As Luci Soars opens, the protagonist is but a newborn baby, cooed over by friends and family. But no one knows then what will become apparent as she grows older: she was born without a shadow. And everyone stares at the girl who casts no shadow.
When Luci runs errands with her mother along the city streets, she tries to stay in her mother’s shadow, never risking the light anywhere she goes. One day at school, however, she takes a chance, and the stares return, along with pointing and laughing and ridicule. Profoundly hurt, Luci wonders why she needs a shadow anyway. And then something shifts inside her, and she begins to float – over her mean classmates, over the city, and straight into her mother’s arms. How she sees herself is what has changed.
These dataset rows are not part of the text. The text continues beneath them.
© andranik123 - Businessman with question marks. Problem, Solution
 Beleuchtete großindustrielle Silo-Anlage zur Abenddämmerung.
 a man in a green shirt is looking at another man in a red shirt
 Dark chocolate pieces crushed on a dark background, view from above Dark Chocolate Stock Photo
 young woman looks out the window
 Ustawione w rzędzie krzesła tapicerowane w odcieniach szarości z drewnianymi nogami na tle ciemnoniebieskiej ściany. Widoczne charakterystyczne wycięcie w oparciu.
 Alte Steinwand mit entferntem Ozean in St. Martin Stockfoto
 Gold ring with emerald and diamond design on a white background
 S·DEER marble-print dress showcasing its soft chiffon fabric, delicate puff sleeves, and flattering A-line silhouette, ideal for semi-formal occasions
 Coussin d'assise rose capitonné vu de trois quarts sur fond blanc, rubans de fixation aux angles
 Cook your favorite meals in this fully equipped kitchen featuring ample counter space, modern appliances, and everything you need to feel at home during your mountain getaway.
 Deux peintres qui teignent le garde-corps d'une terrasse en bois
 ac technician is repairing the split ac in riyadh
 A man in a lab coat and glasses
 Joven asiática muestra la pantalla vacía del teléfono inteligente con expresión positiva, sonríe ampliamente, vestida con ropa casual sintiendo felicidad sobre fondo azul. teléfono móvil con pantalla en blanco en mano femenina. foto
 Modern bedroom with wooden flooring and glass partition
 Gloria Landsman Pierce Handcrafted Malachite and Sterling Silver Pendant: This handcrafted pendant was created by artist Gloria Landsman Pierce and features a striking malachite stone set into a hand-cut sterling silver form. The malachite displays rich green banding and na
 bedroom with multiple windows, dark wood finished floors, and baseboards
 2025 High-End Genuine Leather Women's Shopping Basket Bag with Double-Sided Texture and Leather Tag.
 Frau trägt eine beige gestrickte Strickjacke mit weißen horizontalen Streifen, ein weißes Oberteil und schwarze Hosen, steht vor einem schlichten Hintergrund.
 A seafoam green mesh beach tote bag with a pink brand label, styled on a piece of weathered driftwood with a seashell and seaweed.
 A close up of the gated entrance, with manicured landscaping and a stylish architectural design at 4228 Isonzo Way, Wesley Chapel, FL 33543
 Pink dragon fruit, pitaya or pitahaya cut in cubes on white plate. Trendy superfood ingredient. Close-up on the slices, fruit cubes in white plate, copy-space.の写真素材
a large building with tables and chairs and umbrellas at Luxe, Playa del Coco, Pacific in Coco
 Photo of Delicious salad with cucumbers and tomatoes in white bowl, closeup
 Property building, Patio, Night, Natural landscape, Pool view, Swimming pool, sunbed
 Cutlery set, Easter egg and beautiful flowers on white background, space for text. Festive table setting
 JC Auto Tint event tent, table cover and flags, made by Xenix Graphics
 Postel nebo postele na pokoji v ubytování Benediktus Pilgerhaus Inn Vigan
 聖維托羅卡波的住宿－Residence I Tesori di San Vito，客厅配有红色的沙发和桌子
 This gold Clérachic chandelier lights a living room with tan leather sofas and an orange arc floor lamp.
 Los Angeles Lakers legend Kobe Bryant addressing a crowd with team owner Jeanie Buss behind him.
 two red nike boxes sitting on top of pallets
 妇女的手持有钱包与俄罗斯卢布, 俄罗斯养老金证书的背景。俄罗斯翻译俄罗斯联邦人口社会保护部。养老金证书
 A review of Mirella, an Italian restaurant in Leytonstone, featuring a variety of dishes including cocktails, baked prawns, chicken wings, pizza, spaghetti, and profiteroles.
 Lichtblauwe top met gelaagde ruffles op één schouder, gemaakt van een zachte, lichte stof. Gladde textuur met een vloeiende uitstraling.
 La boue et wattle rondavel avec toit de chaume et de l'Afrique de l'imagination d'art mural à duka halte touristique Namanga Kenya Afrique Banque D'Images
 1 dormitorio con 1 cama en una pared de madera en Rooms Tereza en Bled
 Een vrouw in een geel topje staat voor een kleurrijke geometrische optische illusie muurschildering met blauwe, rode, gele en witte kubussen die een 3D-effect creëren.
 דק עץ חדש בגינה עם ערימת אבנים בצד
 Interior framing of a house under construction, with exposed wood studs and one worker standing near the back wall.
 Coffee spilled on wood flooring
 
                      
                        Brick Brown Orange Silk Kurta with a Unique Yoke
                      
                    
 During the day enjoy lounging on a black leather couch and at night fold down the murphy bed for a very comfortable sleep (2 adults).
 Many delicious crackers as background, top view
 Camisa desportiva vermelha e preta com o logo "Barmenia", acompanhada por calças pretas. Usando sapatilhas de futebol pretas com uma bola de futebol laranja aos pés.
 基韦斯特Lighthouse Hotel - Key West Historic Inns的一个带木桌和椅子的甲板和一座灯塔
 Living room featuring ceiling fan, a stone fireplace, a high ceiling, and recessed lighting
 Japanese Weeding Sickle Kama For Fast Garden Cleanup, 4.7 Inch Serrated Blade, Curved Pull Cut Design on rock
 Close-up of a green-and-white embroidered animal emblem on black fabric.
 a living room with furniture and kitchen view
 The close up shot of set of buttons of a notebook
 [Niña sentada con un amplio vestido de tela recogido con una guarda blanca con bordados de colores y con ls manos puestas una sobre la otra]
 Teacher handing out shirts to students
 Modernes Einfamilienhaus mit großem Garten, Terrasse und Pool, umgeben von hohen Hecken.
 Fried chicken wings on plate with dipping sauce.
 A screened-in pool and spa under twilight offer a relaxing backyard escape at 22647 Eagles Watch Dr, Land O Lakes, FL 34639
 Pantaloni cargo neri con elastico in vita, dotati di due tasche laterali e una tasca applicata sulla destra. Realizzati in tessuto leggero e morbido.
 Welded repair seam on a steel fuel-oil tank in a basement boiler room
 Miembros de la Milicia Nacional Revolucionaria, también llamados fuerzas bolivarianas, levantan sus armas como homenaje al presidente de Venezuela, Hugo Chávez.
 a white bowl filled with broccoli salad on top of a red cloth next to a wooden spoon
The change in Luci’s self-perception is reflected in the move from black and white to full color in the illustrations. The text in the book is rather sparse, making it ideal to read aloud to younger children. It includes some Spanish words as well.
This book can readily lend itself to discussions or programs about bullying (how did Luci feel when the other children pointed and laughed at her lack of shadow?). Those looking for STEAM programming or teaching connections can study the science of light and shadows, including making shadow puppets, for example.
But I think that the most powerful aspect of this book is the idea that we can change how we look at things, and in that way, change how we see ourselves. It is so important to nurture in children the flexibility of mind to see things in a new way, to find new approaches, to see that perceived deficits can be assets when approached differently.